Shivji Ki THANDAI
As a child every Sunday my parents would take me to either Juhu Beach or Chowpatty. Yes that’s what you will do to spend Sunday’s with family in Mumbai , during late 80’s and early 90’s.
Something I would drink often there was masala milk. Has anyone else tasted masala milk. As I grew up, to be honest, masala milk kind of just vanished from my taste buds. But at about the age of 22… when I started doing Shravan Pooja ( a prayer dedicated to Lord Shiva) my Panditji asked me to arrange Thandai
Shivji loves Thandai, after all milk is offered ei him, the dessert he has is Thandai. Ofcourse for him, if we add cannabis, he loves it even more. And guess what I realised that Thandai tastes exactly like masala milk, childhood memories came alive!
This year, because of pandemic and not much access to many things… I decided to make homemade Thandai… and I don’t think it can taste any better than my recipe 🙂
So read below:
- Take a handful of almonds and cashews… maybe even some pistachios (optional)
- Add in some melon seeds, saunf and black peppercorns, elachi powder
- And most important some poppy seeds (khus khus) – This is mandatory.
- Blend it all in together to make a fine powder . Make sure that the powder remains that consistency and not pasty … so don’t over grind. That’s your Thandai powder. It can stay in the fridge upto a week.
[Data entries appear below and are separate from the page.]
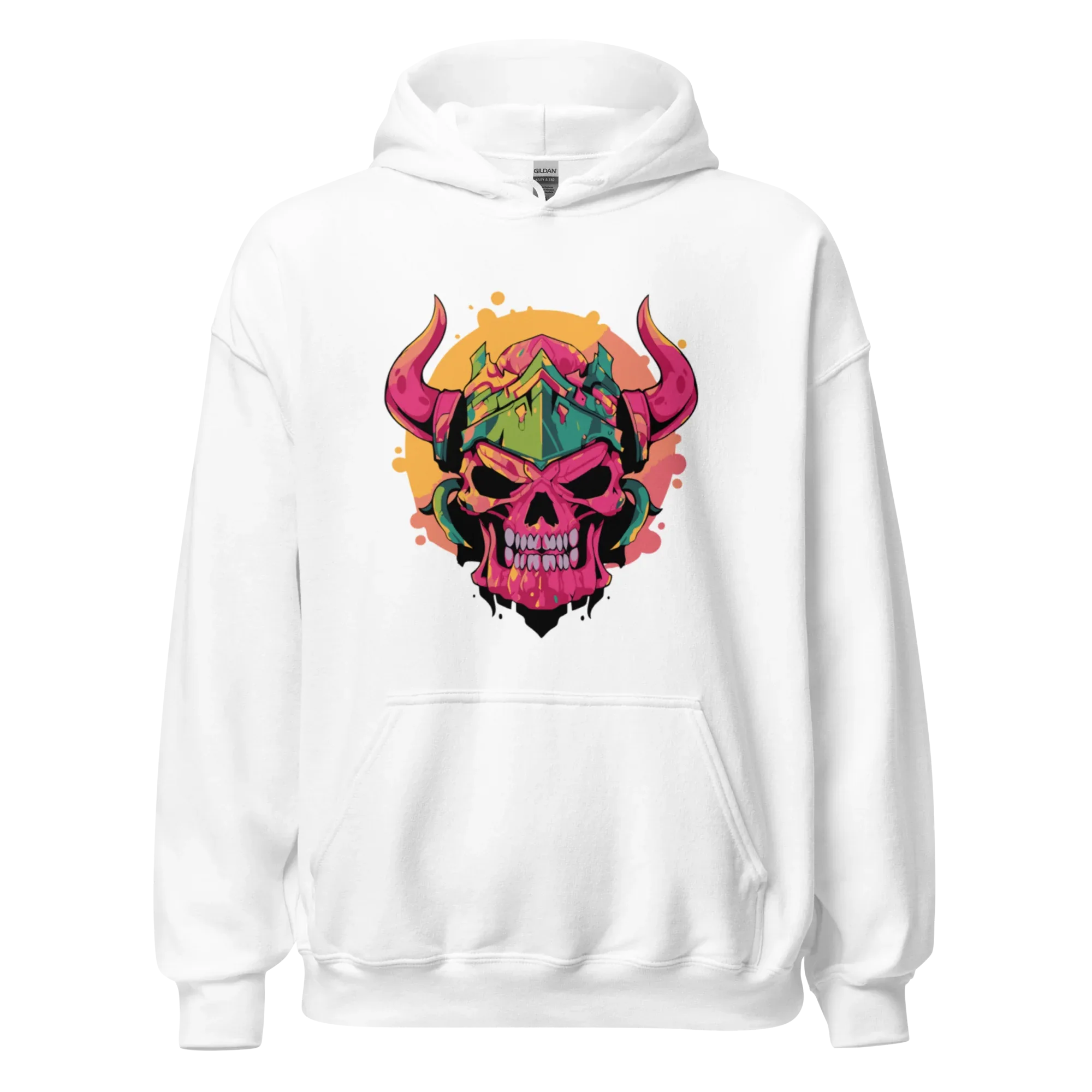 WAR SKULL HELMET men’s hoodie - Black / S - Printoo Shop - 8353013_5530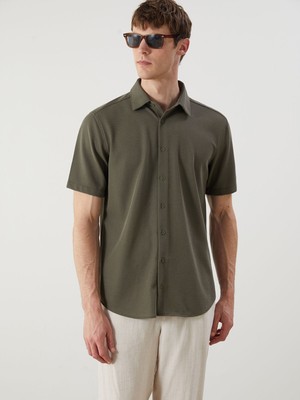 Lc Waikiki Yeni Sezon Regular Fit Keten Karışımlı Erkek Gömlek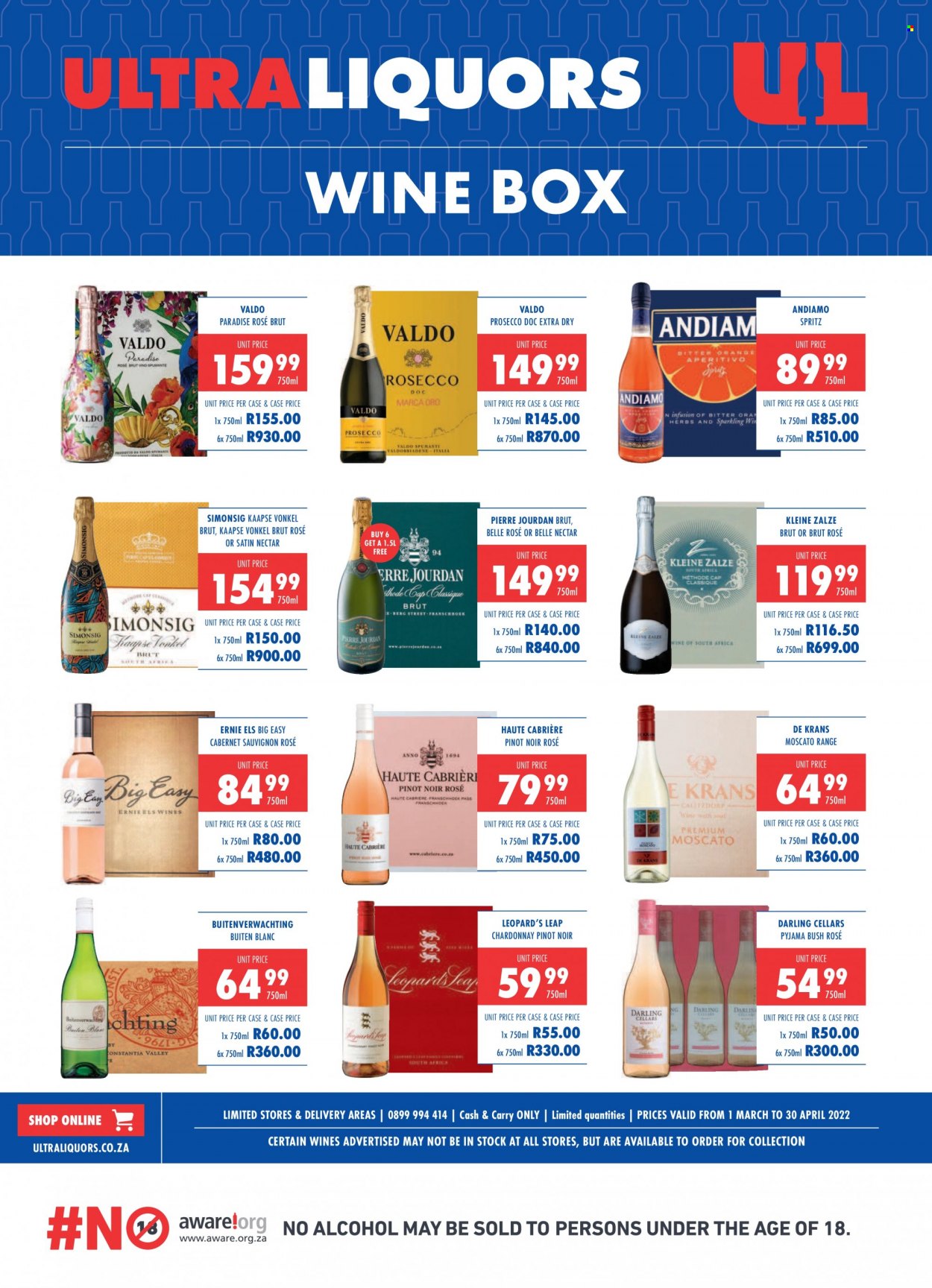 Ultra Liquors specials - 01/03/2022 - 30/04/2022. Page 1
- On the day you want to drink it. Bring your milk to boil.
- Also soak a few strands of kesar (saffron) in some like warm milk and wait fr it to get a nice yellow colour
- Inside the hot milk… say for about 250 ml milk take 2 – 2.5 tsp of the thandai powder mix and 1 tsp sugar and stir it well till it mixes nicely. (If u use cold milk… the whole drink will remain grain, so it’s important to use hot milk)
- Also add in the kesar milk to get the nice yellow colour to the thandai… u need to mix the kesar well
- Now keep in the refrigerator and let it chill for 3 hours
- Serve cold … while serving add in few dried rose petals
Tip: if you wish to make a pan variant, while making the powder, add in some paan (beetel nut leaves) and instead of sugar use gulakand paste.